The preparation of financial statements in conformity with GAAP requires management of NSTAR Electric and its subsidiaries to make estimates and assumptions that affect the reported amounts of assets and liabilities and disclosures of contingent assets and liabilities at the date of the financial statements and the reported amounts of revenues and expenses during the reporting period. Actual results could differ from these estimates.
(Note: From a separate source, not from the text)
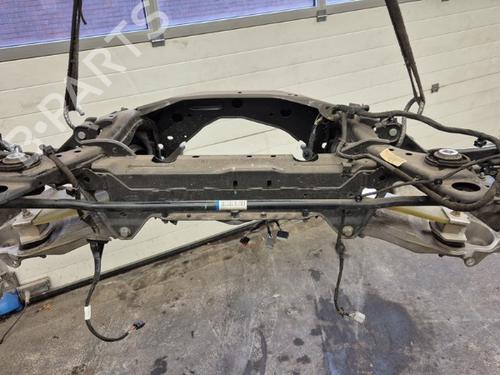 Assale posteriore VOLVO XC60 II (246) T5 (250 hp) 31691617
The results of operations for the three-month periods ended March 31, 2012 and 2011 are not indicative of the results that may be expected for an entire year. The demand for electricity is affected by weather conditions, economic conditions, and consumer conservation behavior. Electric energy sales and revenues are typically higher in the winter and summer months than in the spring and fall months.

 

4. Pension and Postretirement Benefits Other than Pensions (PBOP) Plans

NSTAR Electric's net periodic Pension Plan and PBOP Plan benefit costs for the first quarter are based on the latest available participant census data. The annual actuarial valuation will be finalized during the second quarter, and cost estimates will be adjusted based on the actual actuarial study results.

NSTAR Electric's Pension Plan and PBOP Plan assets are affected by fluctuations in the financial markets. Fluctuations in the fair value of the Pension Plan and PBOP Plan assets impact the funded status, accounting costs, and cash funding requirements of these Plans. The earnings impact of increased Pension and PBOP costs arising from such factors as market conditions and plan experience is substantially mitigated by NSTAR Electric's DPU-approved Pension and PBOP rate adjustment mechanism (PAM). Under the PAM, NSTAR Electric recovers its pension and PBOP expense through a reconciling rate mechanism.

 

Pension

NSTAR Electric sponsors a defined benefit retirement plan, the NSTAR Pension Plan (the Plan), that covers substantially all employees of NSTAR LLC. As its sponsor, NSTAR Electric allocates the costs of the Plan to NSTAR Electric & Gas. NSTAR Electric & Gas charges all of its benefit costs to the NSTAR LLC operating companies, including NSTAR Electric, on the proportion of total direct labor charged to its operating companies. During the three months ended March 31, 2012, NSTAR Electric did not contribute to the Plan. NSTAR Electric currently anticipates making contributions of approximately $25 million to the Plan during the second and third quarters of 2012. The actual level of funding may differ from this estimate.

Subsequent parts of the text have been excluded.